Start of Block

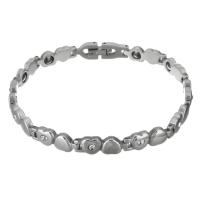 Bijoux bracelet en acier inoxydable, bijoux de mode & unisexe & avec strass, argent, 7mm, Vendu par Environ 8 pouce brin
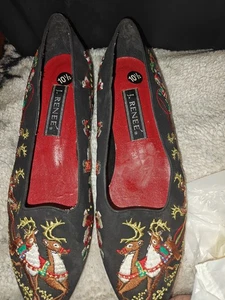 J Renee Weihnachten Santa Urlaub bestickt schwarz Slipper Ballerinas Größe 10,5M  - Bild 1 von 3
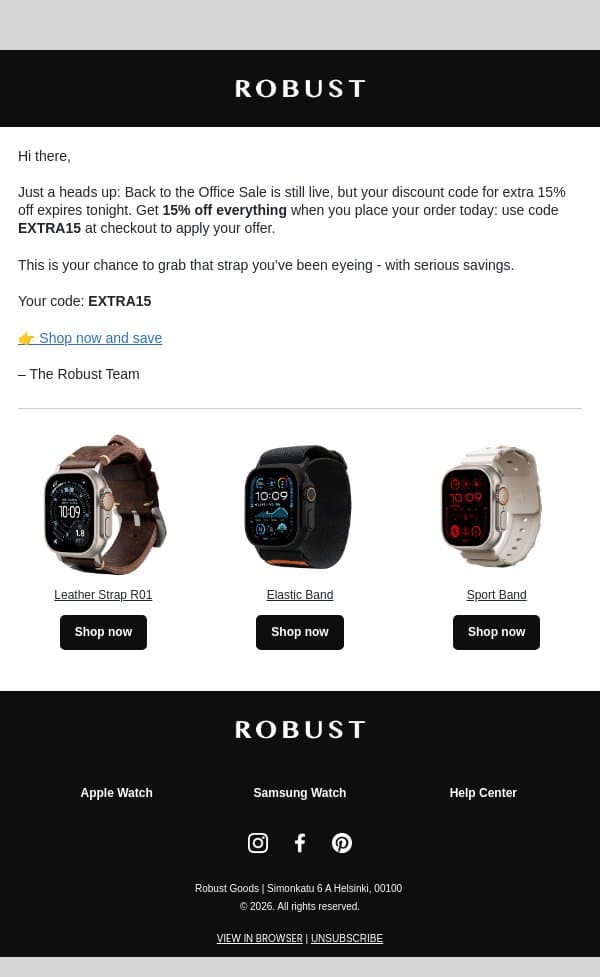 Today only: (Extra) 15% OFF Everything email from RobustGoods screenshot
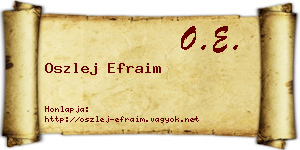 Oszlej Efraim névjegykártya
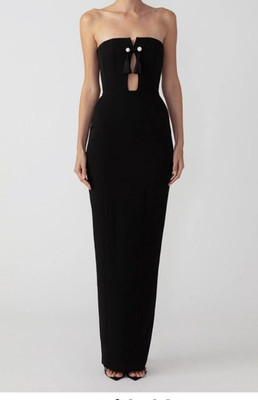 NEW, SAU LEE Imani Gown in Black Tassel Maxi Dress strapless Size 14 #MD1756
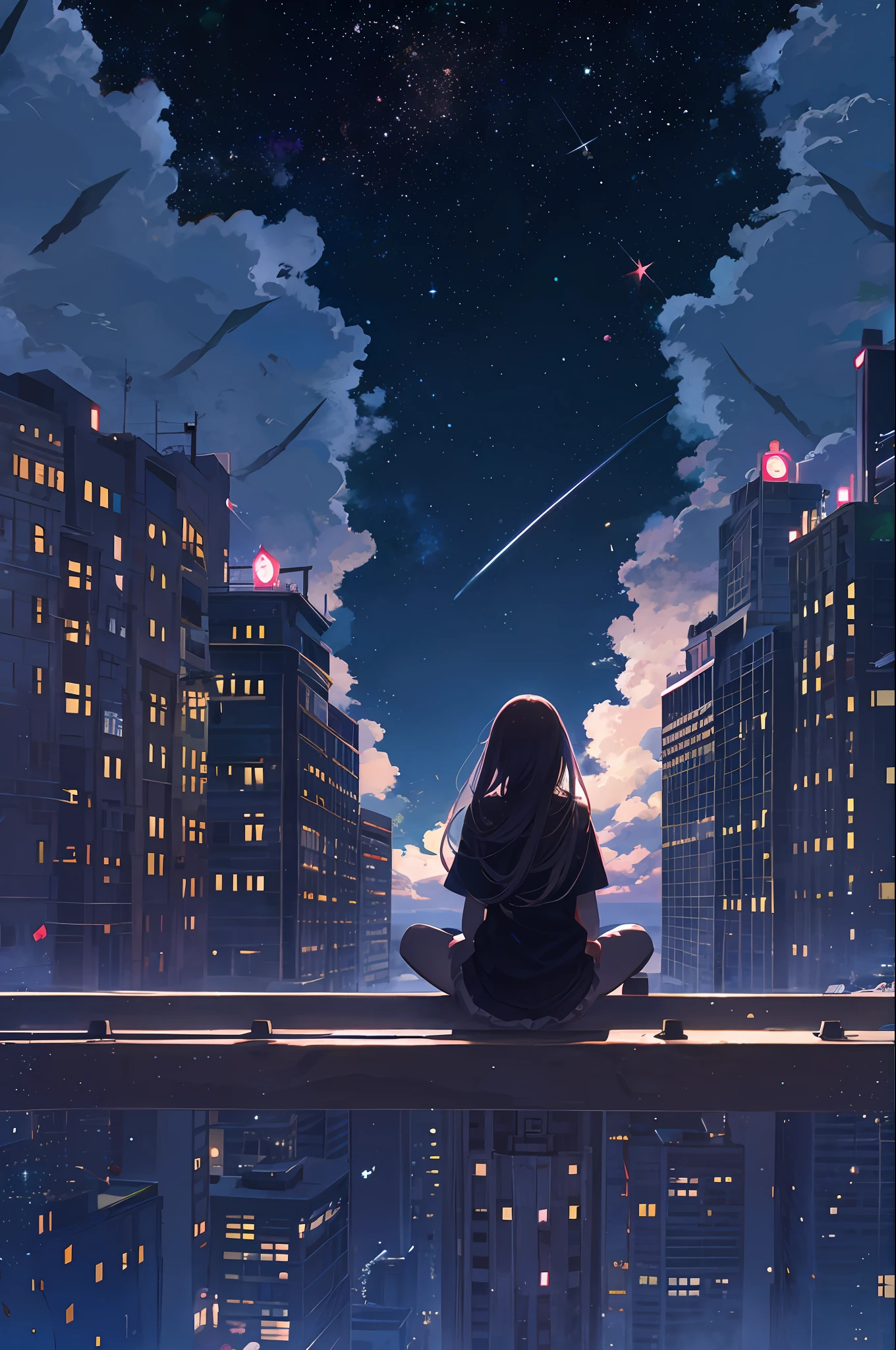 octans, sky, star (sky), scenery, starry sky, night, 1girl, night sky, solo, outdoors, building, cloud, milky way, sitting, tree, long hair, city, silhouette, cityscape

End of Block

From the first line to the last, print the records exactly; leave out the pictures.

### REPLY
 Bijoux bracelet en acier inoxydable, bijoux de mode & unisexe & avec strass, argent, 7mm, Vendu par Environ 8 pouce brin
 J Renee Weihnachten Santa Urlaub bestickt schwarz Slipper Ballerinas Größe 10,5M  - Bild 1 von 3
 Today only: (Extra) 15% OFF Everything email from RobustGoods screenshot
 Oszlej Efraim névjegykártya
 NEW, SAU LEE Imani Gown in Black Tassel Maxi Dress strapless Size 14 #MD1756
 octans, sky, star (sky), scenery, starry sky, night, 1girl, night sky, solo, outdoors, building, cloud, milky way, sitting, tree, long hair, city, silhouette, cityscape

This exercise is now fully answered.